In the previous section, you learned that fault tolerance and high availability have a close relationship to each other. High availability means your application is available to the user, but perhaps with degraded performance. Suppose you need four servers to handle users' traffic. For this, you put two servers in two different physically isolated data centers. If there is an outage in one data center, then user traffic can be served from another data center. But now you have only two servers, which means only 50% of the original capacity is available, and users may experience performance issues. In this scenario, your application has 100% high availability, but is only 50% fault tolerant.

Fault tolerance is about handling workload capacity if an outage occurs, without compromising system performance. A full fault-tolerant architecture involves high costs due to increased redundancy. Whether your user base can live with degraded performance for the period of application recovery depends on your application's criticality.

Figure 3.5: Fault-tolerance architecture

As shown in Figure 3.5, your application needs four servers to handle the full workload by distributing them into two different zones. In both scenarios, you are maintaining 100% high availability. To achieve 100% fault tolerance, you need full redundancy and have to maintain the double count of the servers so that the user doesn't encounter any performance issues during the outage of one zone. By keeping the same number of servers, a fault tolerance of only 50% is achieved.

While designing the application architecture, a solution architect needs to determine the nature of the application's user and whether a fault tolerance of 100% is required, which will inevitably come with a cost implication. For example, an e-commerce website may need 100% fault tolerance, as degraded performance directly impacts business revenue. At the same time, the internal payroll system, which employees use at the end of the month to check their salary slips, can tolerate reducing performance for a short period.

For business continuity, it is required to plan for uncertainty, which can cause system downtime and hamper overall availability. Disaster recovery helps to mitigate this risk by ensuring the system is available in unforeseen events. Let's learn more about disaster recovery planning in the next section.

Disaster recovery and business continuity

In the previous section, you learned about using high availability and fault tolerance to handle application uptime. There may be a situation when the entire region where your data center is located goes down due to massive power grid outages, earthquakes, or floods, but your global business should continue running. In such situations, you must have a disaster recovery plan where you will plan your business continuity by preparing sufficient IT resources in an entirely different region, perhaps even in different continents or countries.
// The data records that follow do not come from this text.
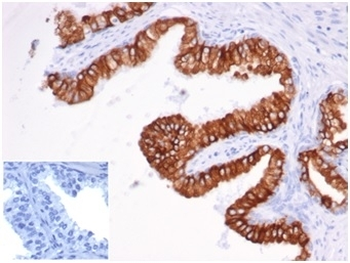 EpCAM antibody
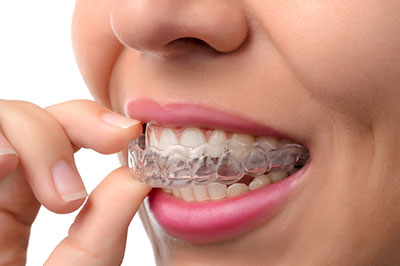 A person with a smile showing their teeth, which are fitted with a clear aligner.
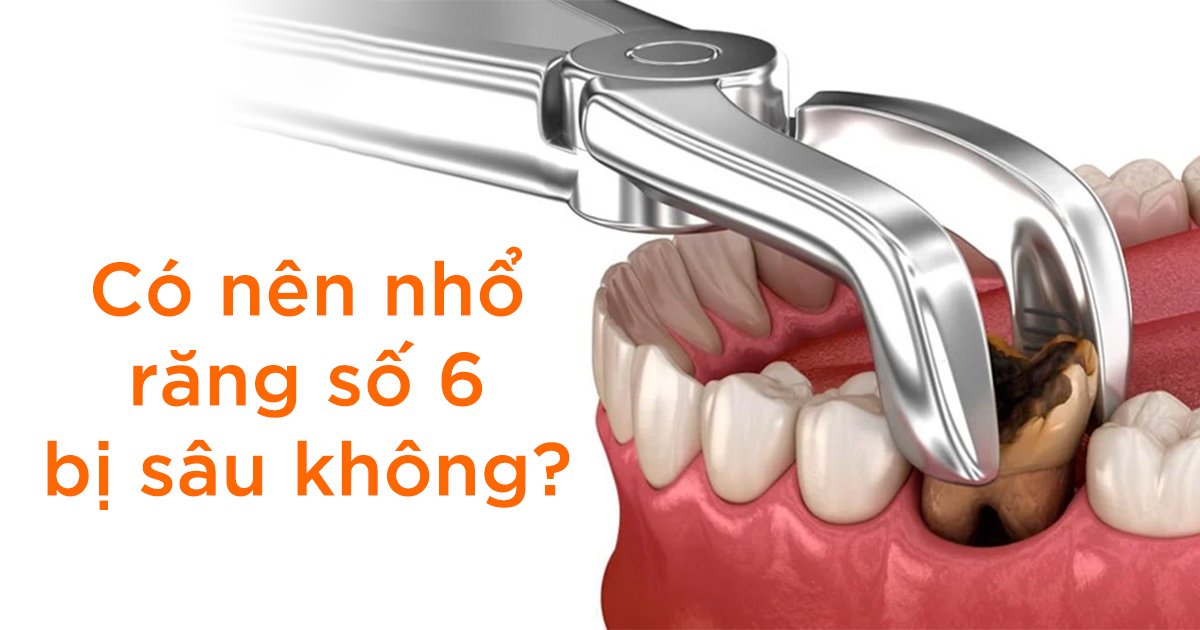 Có nên nhổ răng số 6 bị sâu không?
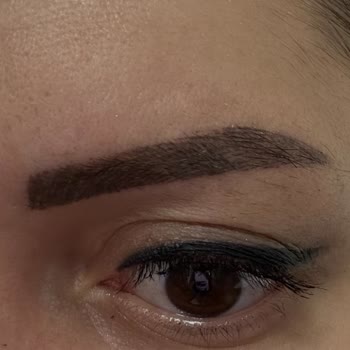 Yanlış Kaş İşlemi Sonucu Mavi Gri Pigment Ve Fatura Eksikliği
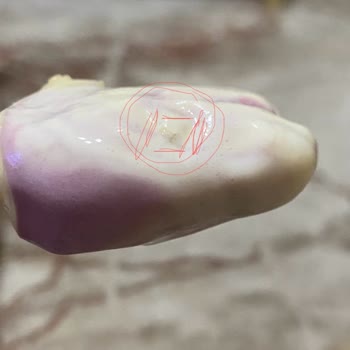 Aldığım Dondurmanın İçinden Kıl Çıktı, Hijyen Konusunda Mağdur Oldum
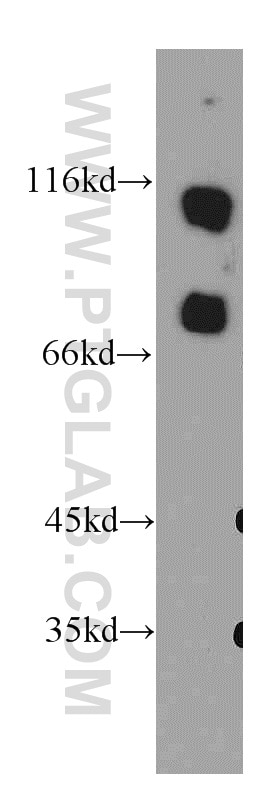 Western Blot (WB) analysis of MCF-7 cells using SMEK2 Polyclonal antibody (20348-1-AP)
When planning disaster recovery, a solution architect must understand an organization's Recovery Time Objective (RTO) and Recovery Point Objective (RPO). RTO is a measure of how much downtime a business can sustain without any significant impact; RPO indicates how much data loss a business can tolerate. Reducing RTO and RPO means incurring greater cost, so it is essential to understand whether the business is mission-critical and needs minimal RTO and RPO. For example, a stock trading application cannot afford to lose a single data point, or a railway signaling application cannot be down, as human life depends on it.

The following architecture diagram in Figure 3.6 shows a multi-site disaster recovery architecture where the primary data center location is in Ireland, Europe, and the disaster recovery site is in Virginia, USA, hosted on the AWS public cloud. In this case, a business can continue operating, even if something happens to the entire European region or to the public cloud. The fact that the disaster recovery plan is based on a multi-site model to achieve minimal RTO and RPO means minimal to no outage, and no data loss.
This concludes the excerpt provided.